Filed under: Software | Comment (0)
This is a problem that I have been facing for some time and the amount of data that I have is just growing with every shoot … the joys of a 21 megapixel camera. So I looked around for an online backup solution that is both reliable and affordable but didn’t seem to be able to find one. Then one day I was listening to one of the many photo podcasts that I follow and a company called Backblaze who offer unlimited backup all for US$ 5 /month per computer.
It has been several months since I have subscribed to Backblaze and I am backing up my main PC with all my photographic library on plus my laptop. The Backblaze software runs silently and effectively in the background without interfering with your use of the computer.

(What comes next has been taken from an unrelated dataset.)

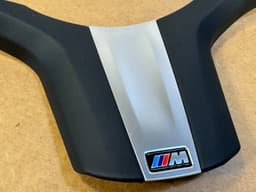 BMW BMW 1 2 3 Z4 F G -series F40 GENUINE Decor trim cover steering wheel 32308746677 — thumbnail 3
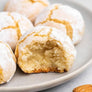 Andy Anand Italian Amaretti Almond Cookies, 20 pc, 8 Flavors – Gluten-Free, Baked in Italy, Authentic Recipe, Birthday & Holiday Gift Box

The initial backup takes a while (depends on how much data you have & your internet connectivity) but once this is done then the Backblaze software just figures out new & modified files and backups them up in the background.
As always with backups, it is a good idea to test a restore before you need it so you are sure that the backup is working. On this front, I have to say it was very easy and quick to restore a group of files as well as individual files. In the event of an absolute disaster, Backblaze can restore your data to a USB drive and then ship that to you … an option I hope I never need but it is really good to know it is there.
Congratulations on a great service to all the team at Backblaze and keep up the good work.
Filed under: Charities, Events, Photoshots | Comment (0)
I have now shot all 258 elephant around the streets of London that form the Elephant Parade London 2010 and have been brightening up our fair city since the beginning of May.
The 258th elephant was the elusive “Phoolan”, elephant no. 66, (pictured right) who has travelled around a bit and have even been seen on the back of a pick-up truck. I finally caught up with Phoolan at the Natural History Museum on Museum Lane.
See all 258 elephants in my Elephant Parade London 2010 gallery.
Filed under: Charities, Events, Photoshots | Comment (0)
What seemed like an impossible task when I started back at the beginning of May is almost done with only four elephants still to be photographed. The remaining elephants are:
Phoolan (66) who was missing from Natural History Museum on Sunday but is supposed to be back there now at the junction of Exhibition Road and Museum Lane.
Gerald (135) who featured in the London Evening Standard because he had to be removed from Selfridges and has now been relocated at the Soho night club Chinawhites.
Mason (159) and bird (191) are located that the House of Barnabas on Soho Square which is only open Monday to Friday.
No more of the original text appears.